Figure 5. Pharmacodynamics of NZX against S. aureus-induced mouse peritonitis model. (A,B) The survival rate of ICR mice (n = 6) that were challenged intraperitoneally with S. aureus E48 (2 × 108 CFU/ml, 500 μl) for 7-day post-infection. NZX at doses of 5, 10, and 20 mg/kg were administered intravenously single dose (A) (2 h) and two doses (B) (2 and 8 h) post-infection.
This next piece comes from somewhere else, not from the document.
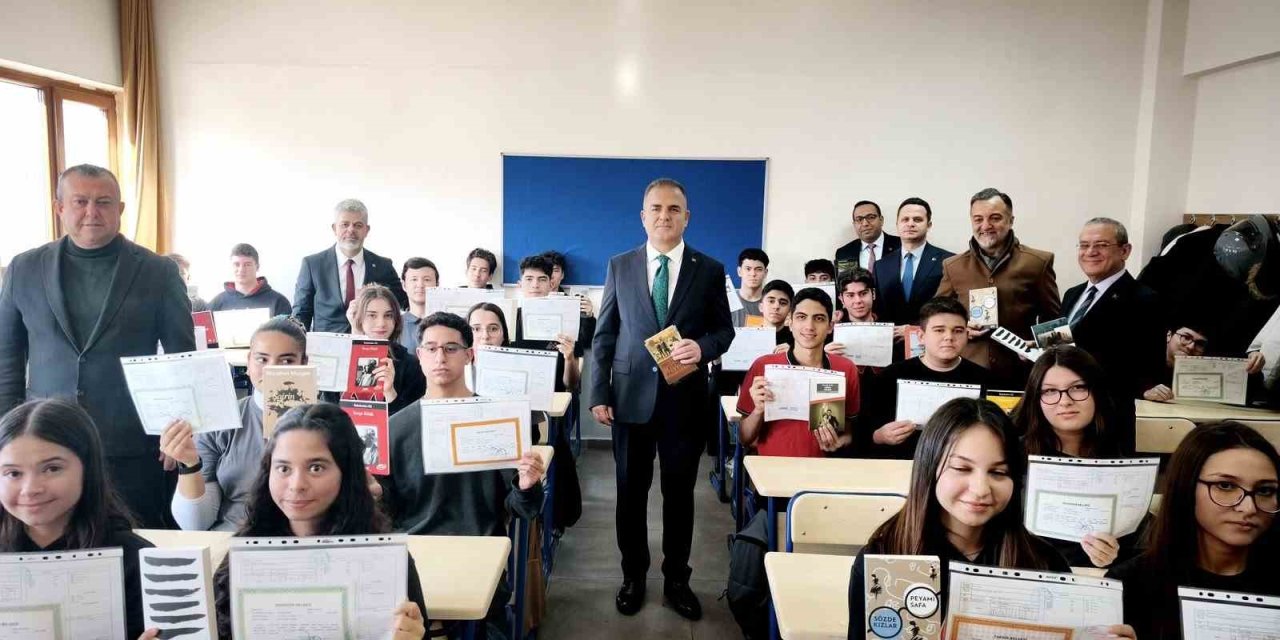 Muğla’da 161 bin öğrenci karne aldı, yarıyıl tatili başladı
The PC group: the infected but untreated mice; NC: the uninfected mice. (C–G) The bacterial burden of organ tissues and peritoneal fluid in the ICR mice infected intraperitoneally with S. aureus E48 (1 × 108CFU/ml, 500 μl). The bacterial counts in the liver (C), lung (D), spleen (E), kidneys (F), heart (G), total bacteria (H), and intracellular bacteria (I) in the peritoneal fluid were analyzed after treatment with NZX (5, 10, and 20 mg/kg) or daptomycin (20 mg/kg) for 24 h. The untreated mice were used as the negative control. The statistical difference was conducted by one-way ANOVA, with Tukey's multiple comparisons test. Values are expressed as means ± SD (n = 6); P-value <0.05 was considered significant; *p <0.05; **p <0.01; ****p <0.0001.
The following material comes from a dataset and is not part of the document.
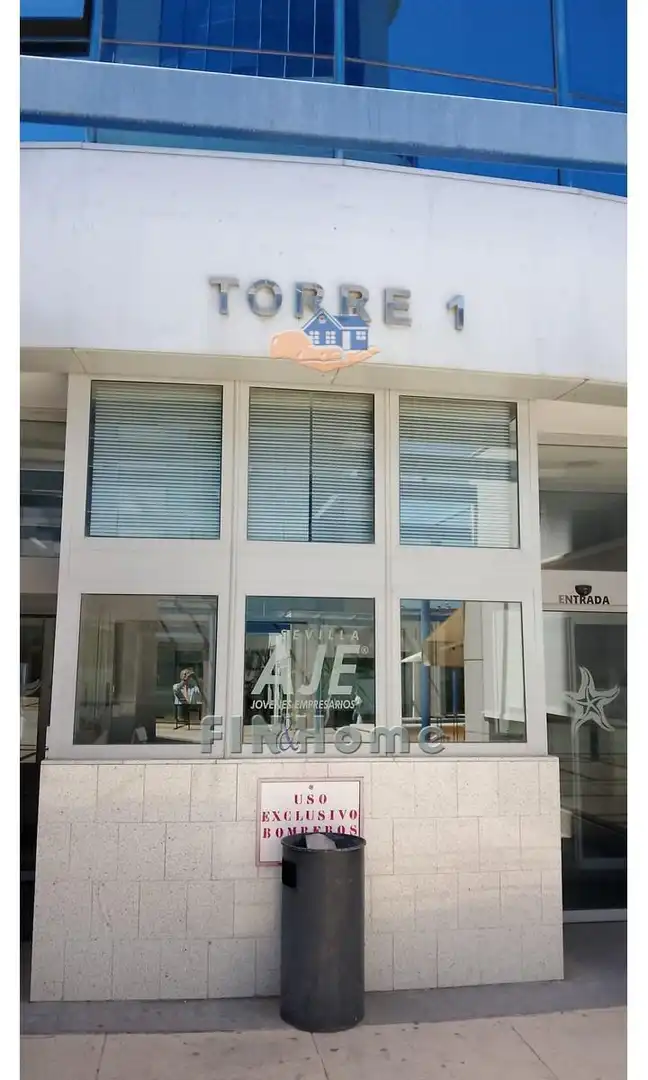 Außenansicht von Garage zum Verkauf in Sevilla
The bacterial implantation levels in the liver, lung, and spleen after 24 h were 5.25 ± 0.96, 6.10 ± 0.80, and 6.21 ± 1.95 Log10 CFU/g, respectively (Figures 5C–E). After treatment with NZX, CFU counts in liver, lung, and spleen reduced by −0.10 ± 1.70~2.63 ± 0.97 Log10CFU/g, 0.69 ± 0.91~2.03 ± 1.10 Log10 CFU/g, and 0.88 ± 1.09~2.20 ± 0.46 Log10 CFU/g, respectively, which displayed a dose-dependent effect (Figures 5C–E). Comparing NZX at the 20 mg/kg treatment group with the untreated group, all significant decrease in bacteria burdens of those tissues was observed (Figures 5C–E). Nevertheless, no obvious difference between daptomycin and the untreated group was observed (Figures 5C–E). In addition, therapeutic effects of NZX against organ tissues of the kidneys and heart were also studied, but bacteria burdens of those tissues did not get obviously decreased (Figures 5F,G).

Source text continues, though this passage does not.